Controversial results exist in the association between TF P570S and Alzheimer disease (AD) [30, 31], hypothesizing a not definitively demonstrated defect in total iron binding capacity [28, 29] and a suggestive synergism between TF and HFE gene variants and AD . We did not find such a synergism in MS, except a non-significant higher MSSS among the TF 570S-carriers.
Gender appears to play critical role in development, progression and treatment of MS. In addition, higher brain iron level was found associated with male gender in presence of common iron gene SNPs [57, 58]. For this reason, we performed a gender-related sub-analysis, and we found different risk associations related to the different SNPs considered, but definite results cannot be drawn due to the low number of patients obtained after subanalyses. Clarifying a possible differential gender-associated risk to develop neurodegenerative diseases, combining genetic and MRI biomarkers, may help clinicians to design primary intervention programs to select high-risk sub-groups.

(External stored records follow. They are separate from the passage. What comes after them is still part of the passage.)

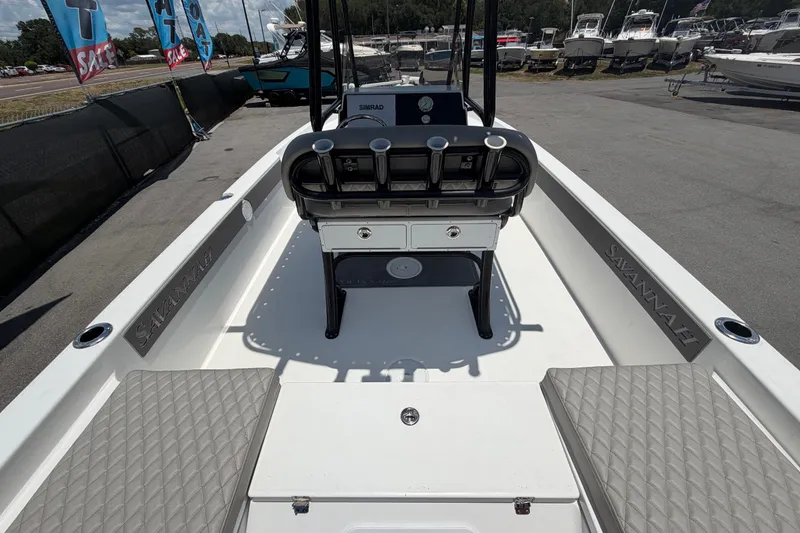 Slide: The Image of 2025 Savannah 210X boat interior with seating and console, displayed at a boat sale event. - 10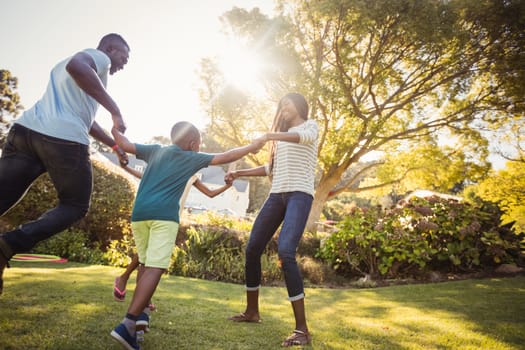 Happy family enjoying together at park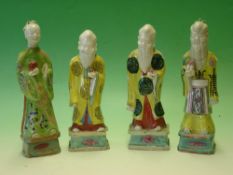 Chinese Porcelain. A group of four attendant figures, painted in coloured enamels. The tallest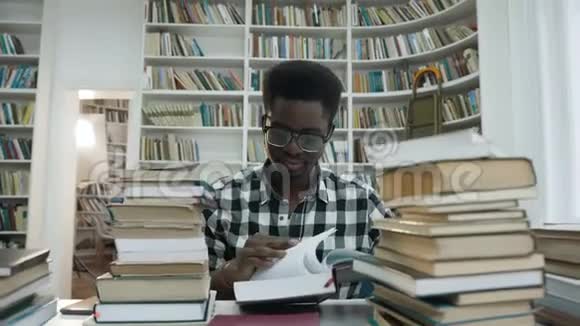 非洲年轻人坐在图书馆时戴眼镜看书的肖像视频的预览图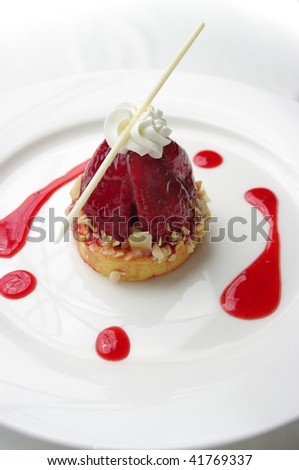 A delicious bite sized Strawberry Tart. On a plate and ready to eat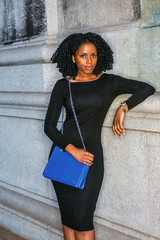 African American Woman street fashion in New York. Wearing long sleeve slim dress, wristwatch, carrying blue shoulder bag, young black girl with braid hairstyle standing against wall, looking at you..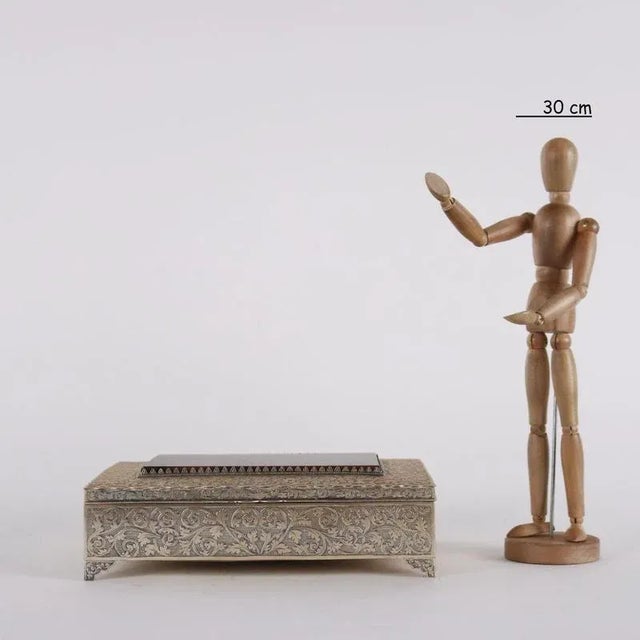 Embossed silver box engraved with leaf scrolls supported by four feet. On the lid with wavy edge, setting of an agate-like...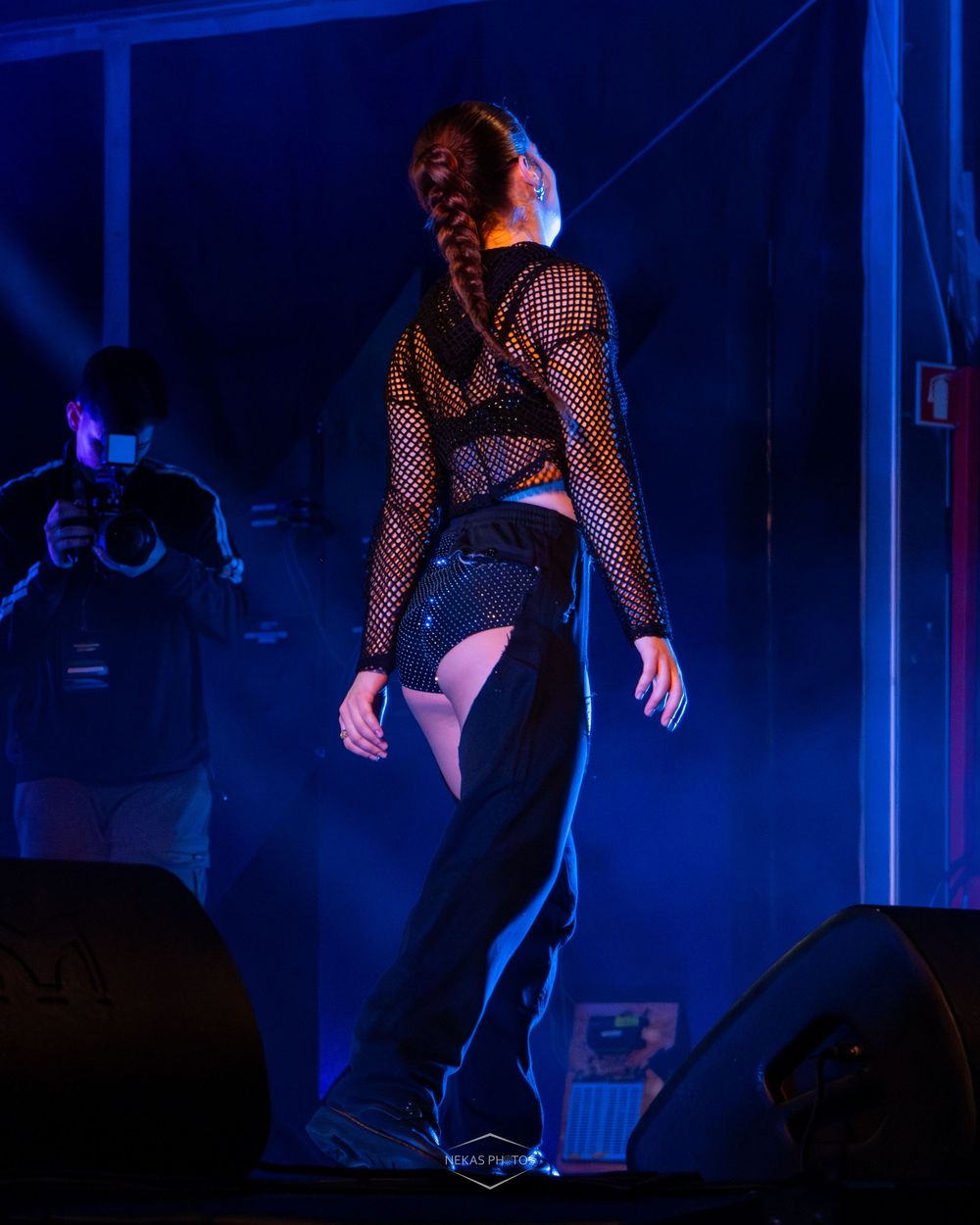 Female performer in black fishnet top and sequined pants on a blue-lit stage with a photographer in the background.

We conclude that, all the SNPs investigated work in the same direction: potential iron dysregulation, oxidative tissue damage, and possible actions on MS . This was the reason we looked at the combined effect that the coexistence of several at risk-alleles might have on MS. The fact that among multi-carriers the risk increased, as well as disability, progression, and severity did, strongly implies the multi-gene nature of iron unbalancing in MS.
We recognize that the main limitation of our study is linked to the low number of investigated SNPs. A relevant number of SNPs exist in other candidate genes related to tissue inflammation and degeneration. A further shortcoming in the interpretation of our results is linked with the lack of knowledge still present in MS pathogenesis as well as in the steps leading to iron accumulation.